I suggest you to query ALL locations at once. It will cost you 3 full scans (each table once) + sorting. I bet this will be faster then querying locations one by one.

But if you want not to guess, you at least need to examine EXPLAIN PLAN and 10046 trace of your query...

egorius
I'll check into that, but we have a lot of locations, and location_id is indexed on all three tables. I thought that meant that when doing something "where locaction_id = 123" meant it didn't have to do a truly full scan.
David Oneill
That's true but it also implies accessing the tables using single block reads, with a very high number of logical reads compared to using full table scans. Reading 1,000 rows from a very large table using an index might involve several thousand logical reads and many of those could easily be physical reads because of the number of blocks across which the rows are distributed (depending on clustering_factor)
David Aldridge
So reading an entire table through an index is much less efficient than reading it as a full table scan.
David Aldridge
Ah, I see your confusion. I wasn't clear: I don't need to run this for all locations. I need to run it on 3 of our 70 or so locations.
David Oneill
David Oneill, in this case my suggestion is not suitable, of course. I thought you need them all.
egorius
A: 

The query ought to be straightforward, but the tricky part is to get it to perform. I'd question why you need to run it once for each location when it would probably be more eficient to run it for every location in a single query.
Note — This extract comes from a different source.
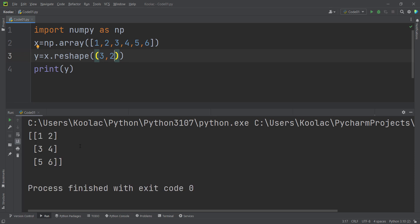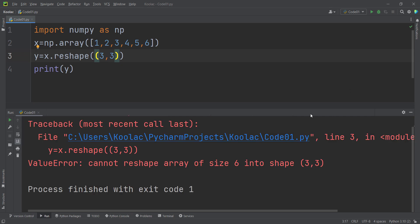But remember, you can't pass, for example, 3 by 3 because the initial array x has only 6 elements. A 3 by 3 matrix needs 9 elements, so it is not possible to reshape x to this shape. If you run the code, you will get an error because it is not possible to convert the x array to this shape.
The join would be a big challenge, but the aggregation ought to be straightforward. I would guess that your best hope performance-wise for the join would be a hash join on the customer and item columns, with a subsequent filter operation on the date range. You might have to fiddle with putting the customer and item join in an inline view and then try to stop the date predicate from being pushed into the inline view.

The hash join would be much more efficient with tables that are being equi-joined both having the same hash partitioning key on all join columns, if that can be arranged.

Whether to use the location index or not ...

Whether the index is worth using or not depends on the clustering factor for the location index, which you can read from the user_indexes table. Can you post the clustering factor along with the number of blocks that the table contains? That will give a measure of the way that values for each location are distributed throughout the table. You could also extract the execution plan for a query such as:

select some_other_column
from   my_table
where  location_id in (value 1, value 2, value 3)

... and see if oracle thinks the index is useful.

David Aldridge
Ah: I was unclear. I only need to run it for 2 or 3 of my locations, not all of them. *edits question*
David Oneill
Ah hah ... how many locations do you have in total?